Debate smolders on coal ash safety

State data showing no evidence of harm to streams does little to quell environmental, health concerns

March 08, 2009|By Timothy B. Wheeler | Timothy B. Wheeler,

FROSTBURG -The state fined Constellation Energy $1 million for contaminating wells in Gambrills by dumping millions of tons of ash from its power plants in old gravel mines there.

But with the state's blessing, another energy company is dumping hundreds of thousands of tons of ash into active mine pits in Western Maryland. Eighteen-wheel trucks routinely deposit steaming loads of ash from the Warrior Run power plant at a hillside coal mine overlooking the hamlet of Carlos just south of here.

The difference, state officials say, is that they consider dumping ash into coal mines beneficial for Western Maryland's streams, which suffer from acidic pollution draining from mined lands. The ash from the Warrior Run plant helps prevent acid from leaching out of the rubble left behind after the coal is extracted, they say. It's also a money-saver for the power company - AES, based in Arlington, Va. - since it doesn't have to pay for costly disposal in a state-regulated landfill.

But environmental activists call the practice of filling coal mines with ash a worrisome experiment that has not proved to be environmentally safe - and they are asking for federal regulations to govern the disposal of ash, with its many harmful chemicals.

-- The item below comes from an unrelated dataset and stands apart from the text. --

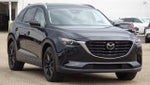 2022 Mazda Mazda CX-9 Touring Plus AWD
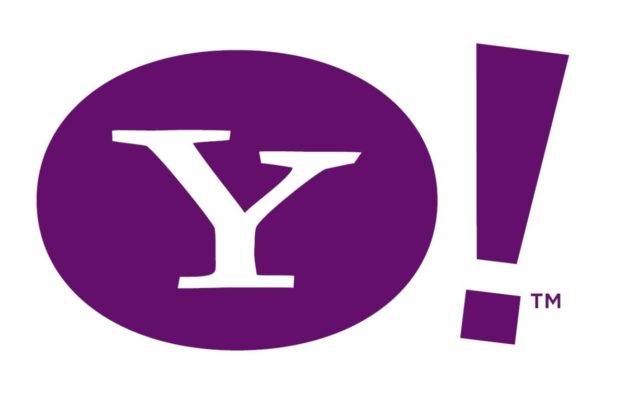 Yahoo debiutuje z nowym sektorem gier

"It's waste disposal, not mine reclamation," contends Lisa Evans, an attorney with the environmental group Earthjustice. "I don't know that in every circumstance it will cause harm, but we have seen it cause harm in enough mines and landfills and surface impoundments that safeguards are absolutely required."

Coal ash is the waste produced by burning coal - light fly ash collected in the smokestack, plus heavier bottom ash left after the fire has consumed the fossil fuel. The nation's power plants produce enough ash from the coal they burn to fill 1 million railroad cars a year, according to a 2006 report by the National Research Council. Maryland's coal-burning power plants produce about 2 million tons of ash a year, state officials estimate.

Nationally, most of it is deposited in landfills and man-made ponds, where there have been a number of problems. Recently, an earthen dam in Tennessee ruptured, releasing millions of tons of coal-ash sludge that destroyed homes and fouled a river.

In Maryland, in addition to the Gambrills well contamination, an ash landfill in Charles County has polluted streams feeding the Zekiah Swamp. Those problems have led to calls for stricter federal regulation of coal ash disposal, and the new administrator of the U.S. Environmental Protection Agency, Lisa Jackson, has vowed to reconsider her agency's decision to leave oversight largely to the states.

Environmentalists say similar federal attention should be paid to the growing use of coal ash in mine reclamation. The U.S. Office of Surface Mining in the Bush administration drafted regulations that environmentalists criticized as too weak, and then did not issue them. The rules are now under review.

In Maryland, 18 mines in Allegany and Garrett counties are permitted to accept coal ash, though it is not clear how many have actually received any.

State officials contend that despite the lack of federal rules, they have imposed safeguards on the decade-old practice of using the ash in mine reclamation in Western Maryland. Both mine and power plant operators have been required to take precautions to prevent stream or ground-water contamination, they say, and the ash has helped to ease the acidic pollution fouling streams, particularly from old underground mines that have long since been abandoned.

"There are some very good uses of this material when properly used," says Paul Petzrick of the power plant research program at the state Department of Natural Resources. The National Research Council agreed in a report, but its panel of independent scientists cautioned that toxic substances in coal become concentrated in the ash after it is burned. They urged enforceable federal requirements for more testing of the ash, of the mine sites and of the water leaving the mines.

Environmentalists say the state-by-state patchwork of oversight isn't enough. An environmental group's study of coal ash dumped in 15 Pennsylvania mines, for instance, found that water quality actually worsened at 10 of them. State officials there dispute the finding.

It's not clear if the ash has put harmful chemicals in Western Maryland waterways. The state has been testing mainly for evidence of acid mine drainage over the years - not for arsenic, lead, selenium and the rest of the toxic potpourri of metals and minerals found in much higher concentrations in ash than in raw coal. Those substances can cause cancer, nerve damage or other health problems for people, fish and insects.